[Records from a data source]
>>>>>

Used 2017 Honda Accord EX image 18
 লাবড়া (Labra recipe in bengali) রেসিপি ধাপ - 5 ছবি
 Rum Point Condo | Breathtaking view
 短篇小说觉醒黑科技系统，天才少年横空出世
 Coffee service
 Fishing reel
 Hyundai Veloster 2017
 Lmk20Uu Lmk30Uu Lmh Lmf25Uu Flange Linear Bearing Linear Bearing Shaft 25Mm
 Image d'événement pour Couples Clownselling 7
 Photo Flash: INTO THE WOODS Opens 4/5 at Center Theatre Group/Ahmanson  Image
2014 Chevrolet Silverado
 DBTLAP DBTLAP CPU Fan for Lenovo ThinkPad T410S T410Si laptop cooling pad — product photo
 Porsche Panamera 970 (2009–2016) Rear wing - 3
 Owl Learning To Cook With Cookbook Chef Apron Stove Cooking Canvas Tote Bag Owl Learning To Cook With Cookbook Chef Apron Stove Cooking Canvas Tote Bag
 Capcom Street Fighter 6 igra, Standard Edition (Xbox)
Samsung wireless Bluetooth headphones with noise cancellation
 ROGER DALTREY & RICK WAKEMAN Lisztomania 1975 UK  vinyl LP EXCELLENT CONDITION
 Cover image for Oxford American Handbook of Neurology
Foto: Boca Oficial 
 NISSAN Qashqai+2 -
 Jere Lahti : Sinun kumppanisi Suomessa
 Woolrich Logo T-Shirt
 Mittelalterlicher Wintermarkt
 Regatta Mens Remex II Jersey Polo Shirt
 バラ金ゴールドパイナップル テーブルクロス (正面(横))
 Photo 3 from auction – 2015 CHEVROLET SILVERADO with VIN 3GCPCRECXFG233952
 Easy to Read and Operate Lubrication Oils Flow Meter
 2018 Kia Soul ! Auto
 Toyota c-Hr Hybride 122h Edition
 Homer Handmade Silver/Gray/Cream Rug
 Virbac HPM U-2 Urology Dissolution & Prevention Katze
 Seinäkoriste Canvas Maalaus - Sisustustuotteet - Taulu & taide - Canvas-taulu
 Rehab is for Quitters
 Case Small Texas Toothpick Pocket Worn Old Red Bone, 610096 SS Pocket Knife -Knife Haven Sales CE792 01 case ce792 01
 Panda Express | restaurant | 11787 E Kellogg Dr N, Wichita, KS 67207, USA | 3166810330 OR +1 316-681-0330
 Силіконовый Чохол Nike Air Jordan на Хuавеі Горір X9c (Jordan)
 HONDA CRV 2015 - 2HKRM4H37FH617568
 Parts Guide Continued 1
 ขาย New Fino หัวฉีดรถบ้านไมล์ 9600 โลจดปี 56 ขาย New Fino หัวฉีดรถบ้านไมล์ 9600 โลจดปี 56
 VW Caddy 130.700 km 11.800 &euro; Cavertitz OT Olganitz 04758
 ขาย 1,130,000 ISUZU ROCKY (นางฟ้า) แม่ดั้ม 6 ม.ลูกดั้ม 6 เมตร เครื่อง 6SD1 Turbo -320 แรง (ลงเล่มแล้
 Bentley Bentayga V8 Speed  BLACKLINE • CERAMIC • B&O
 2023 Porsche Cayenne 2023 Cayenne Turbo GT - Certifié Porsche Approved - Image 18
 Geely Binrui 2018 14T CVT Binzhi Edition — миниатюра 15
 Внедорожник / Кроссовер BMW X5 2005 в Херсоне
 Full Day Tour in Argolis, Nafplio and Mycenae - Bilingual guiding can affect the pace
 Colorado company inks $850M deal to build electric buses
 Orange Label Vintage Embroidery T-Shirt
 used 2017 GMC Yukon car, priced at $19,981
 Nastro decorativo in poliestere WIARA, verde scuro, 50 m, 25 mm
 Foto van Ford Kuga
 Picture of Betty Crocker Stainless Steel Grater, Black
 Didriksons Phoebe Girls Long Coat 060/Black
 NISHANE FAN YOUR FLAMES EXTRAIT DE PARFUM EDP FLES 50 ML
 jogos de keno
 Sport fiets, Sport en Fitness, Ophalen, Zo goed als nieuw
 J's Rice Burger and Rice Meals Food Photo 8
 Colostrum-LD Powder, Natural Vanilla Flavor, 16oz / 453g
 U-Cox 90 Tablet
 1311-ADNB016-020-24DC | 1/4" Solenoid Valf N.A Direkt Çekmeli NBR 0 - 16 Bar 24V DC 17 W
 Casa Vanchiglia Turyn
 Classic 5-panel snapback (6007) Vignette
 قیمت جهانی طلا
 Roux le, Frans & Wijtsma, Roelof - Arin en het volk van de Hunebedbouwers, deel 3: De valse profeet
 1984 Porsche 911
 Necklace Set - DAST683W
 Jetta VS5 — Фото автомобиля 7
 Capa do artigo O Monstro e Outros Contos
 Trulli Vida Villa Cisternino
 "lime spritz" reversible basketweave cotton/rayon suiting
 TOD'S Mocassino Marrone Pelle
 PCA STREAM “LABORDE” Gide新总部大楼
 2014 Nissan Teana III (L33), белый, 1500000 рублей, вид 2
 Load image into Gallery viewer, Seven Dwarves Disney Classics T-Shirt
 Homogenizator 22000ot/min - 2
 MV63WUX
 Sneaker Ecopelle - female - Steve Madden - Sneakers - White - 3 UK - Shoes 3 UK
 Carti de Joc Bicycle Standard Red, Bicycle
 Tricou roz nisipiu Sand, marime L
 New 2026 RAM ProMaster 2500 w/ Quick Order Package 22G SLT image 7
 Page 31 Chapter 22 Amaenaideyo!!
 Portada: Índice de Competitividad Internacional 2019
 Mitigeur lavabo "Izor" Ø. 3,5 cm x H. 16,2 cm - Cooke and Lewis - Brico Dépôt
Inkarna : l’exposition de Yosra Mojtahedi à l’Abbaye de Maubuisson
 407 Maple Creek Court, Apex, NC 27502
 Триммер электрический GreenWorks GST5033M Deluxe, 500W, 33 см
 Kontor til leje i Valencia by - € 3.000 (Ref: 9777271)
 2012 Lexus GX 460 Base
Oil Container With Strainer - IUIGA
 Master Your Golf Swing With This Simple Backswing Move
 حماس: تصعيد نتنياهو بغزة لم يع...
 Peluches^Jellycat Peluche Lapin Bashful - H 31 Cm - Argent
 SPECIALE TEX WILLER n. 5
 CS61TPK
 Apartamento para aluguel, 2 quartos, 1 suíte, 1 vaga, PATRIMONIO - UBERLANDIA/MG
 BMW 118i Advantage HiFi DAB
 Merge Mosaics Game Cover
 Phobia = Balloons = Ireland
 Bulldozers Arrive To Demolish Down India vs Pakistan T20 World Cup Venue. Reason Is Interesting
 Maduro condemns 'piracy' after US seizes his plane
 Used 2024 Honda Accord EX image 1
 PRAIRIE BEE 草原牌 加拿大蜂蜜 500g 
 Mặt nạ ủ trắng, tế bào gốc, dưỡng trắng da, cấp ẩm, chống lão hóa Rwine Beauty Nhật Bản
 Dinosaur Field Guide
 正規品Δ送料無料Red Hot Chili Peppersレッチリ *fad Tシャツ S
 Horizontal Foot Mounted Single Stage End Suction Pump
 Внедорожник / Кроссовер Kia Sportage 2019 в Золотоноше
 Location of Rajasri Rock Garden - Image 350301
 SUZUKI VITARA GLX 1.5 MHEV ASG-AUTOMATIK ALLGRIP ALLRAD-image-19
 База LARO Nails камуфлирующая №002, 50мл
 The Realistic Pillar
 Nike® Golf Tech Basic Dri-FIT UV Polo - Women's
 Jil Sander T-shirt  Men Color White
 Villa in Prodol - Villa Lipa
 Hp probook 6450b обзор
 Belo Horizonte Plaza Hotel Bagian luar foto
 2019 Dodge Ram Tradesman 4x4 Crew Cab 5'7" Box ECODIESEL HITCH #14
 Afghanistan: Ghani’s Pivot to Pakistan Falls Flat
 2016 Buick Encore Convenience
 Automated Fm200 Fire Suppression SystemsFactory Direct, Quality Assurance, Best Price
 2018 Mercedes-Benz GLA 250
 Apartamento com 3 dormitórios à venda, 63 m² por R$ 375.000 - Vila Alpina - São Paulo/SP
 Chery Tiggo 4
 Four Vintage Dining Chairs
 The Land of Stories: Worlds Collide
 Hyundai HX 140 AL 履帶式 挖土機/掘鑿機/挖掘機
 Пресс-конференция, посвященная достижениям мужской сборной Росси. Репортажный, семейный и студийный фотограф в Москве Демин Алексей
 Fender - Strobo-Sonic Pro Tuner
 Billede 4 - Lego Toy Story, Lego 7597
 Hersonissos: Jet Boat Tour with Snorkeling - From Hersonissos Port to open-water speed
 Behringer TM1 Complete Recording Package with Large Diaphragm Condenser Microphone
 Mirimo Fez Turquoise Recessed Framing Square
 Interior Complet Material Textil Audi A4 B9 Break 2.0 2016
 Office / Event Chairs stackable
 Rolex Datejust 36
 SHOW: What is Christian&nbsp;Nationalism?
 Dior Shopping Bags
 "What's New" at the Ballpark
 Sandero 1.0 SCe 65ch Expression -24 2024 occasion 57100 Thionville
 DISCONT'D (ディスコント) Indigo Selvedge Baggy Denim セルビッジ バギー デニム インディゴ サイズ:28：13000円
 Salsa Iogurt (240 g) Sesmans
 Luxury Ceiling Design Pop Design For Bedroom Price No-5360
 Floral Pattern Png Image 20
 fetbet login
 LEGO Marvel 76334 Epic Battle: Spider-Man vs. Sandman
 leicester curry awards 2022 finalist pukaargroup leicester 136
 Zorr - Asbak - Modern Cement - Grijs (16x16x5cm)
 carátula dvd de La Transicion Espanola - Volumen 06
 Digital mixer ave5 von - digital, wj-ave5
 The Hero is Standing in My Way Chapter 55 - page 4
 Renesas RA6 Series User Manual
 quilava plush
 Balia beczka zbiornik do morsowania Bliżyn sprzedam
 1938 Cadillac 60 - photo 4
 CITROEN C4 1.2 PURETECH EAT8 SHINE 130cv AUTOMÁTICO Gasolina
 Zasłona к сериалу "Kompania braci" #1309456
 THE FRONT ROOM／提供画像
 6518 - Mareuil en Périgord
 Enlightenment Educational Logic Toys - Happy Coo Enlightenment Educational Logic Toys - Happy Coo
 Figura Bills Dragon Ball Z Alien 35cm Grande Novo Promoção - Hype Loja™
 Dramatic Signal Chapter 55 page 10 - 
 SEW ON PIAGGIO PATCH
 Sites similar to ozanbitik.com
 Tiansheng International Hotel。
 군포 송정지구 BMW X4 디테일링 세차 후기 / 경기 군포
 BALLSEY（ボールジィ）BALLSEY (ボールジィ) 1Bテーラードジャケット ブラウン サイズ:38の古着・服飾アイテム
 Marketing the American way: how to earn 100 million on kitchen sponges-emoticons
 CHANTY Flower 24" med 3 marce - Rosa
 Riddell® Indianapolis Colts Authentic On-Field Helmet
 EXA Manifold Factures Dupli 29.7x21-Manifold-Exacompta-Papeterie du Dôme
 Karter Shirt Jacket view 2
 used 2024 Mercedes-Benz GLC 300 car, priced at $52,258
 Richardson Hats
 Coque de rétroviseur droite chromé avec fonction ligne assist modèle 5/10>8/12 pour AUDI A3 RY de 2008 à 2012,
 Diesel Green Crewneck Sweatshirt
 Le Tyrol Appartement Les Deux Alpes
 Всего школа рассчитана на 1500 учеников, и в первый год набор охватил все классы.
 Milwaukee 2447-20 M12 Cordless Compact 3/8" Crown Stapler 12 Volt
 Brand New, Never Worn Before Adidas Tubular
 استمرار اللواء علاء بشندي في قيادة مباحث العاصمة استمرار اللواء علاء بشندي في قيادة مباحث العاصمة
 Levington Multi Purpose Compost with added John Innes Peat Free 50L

<<<<<

• _Work to be completed_:
Using the data above, repeat exactly the lines that begin at the line with "Hp probook 6450b обзор" and end at the line with "Four Vintage Dining Chairs", both ends included.

• _Reply_:
 Hp probook 6450b обзор
 Belo Horizonte Plaza Hotel Bagian luar foto
 2019 Dodge Ram Tradesman 4x4 Crew Cab 5'7" Box ECODIESEL HITCH #14
 Afghanistan: Ghani’s Pivot to Pakistan Falls Flat
 2016 Buick Encore Convenience
 Automated Fm200 Fire Suppression SystemsFactory Direct, Quality Assurance, Best Price
 2018 Mercedes-Benz GLA 250
 Apartamento com 3 dormitórios à venda, 63 m² por R$ 375.000 - Vila Alpina - São Paulo/SP
 Chery Tiggo 4
 Four Vintage Dining Chairs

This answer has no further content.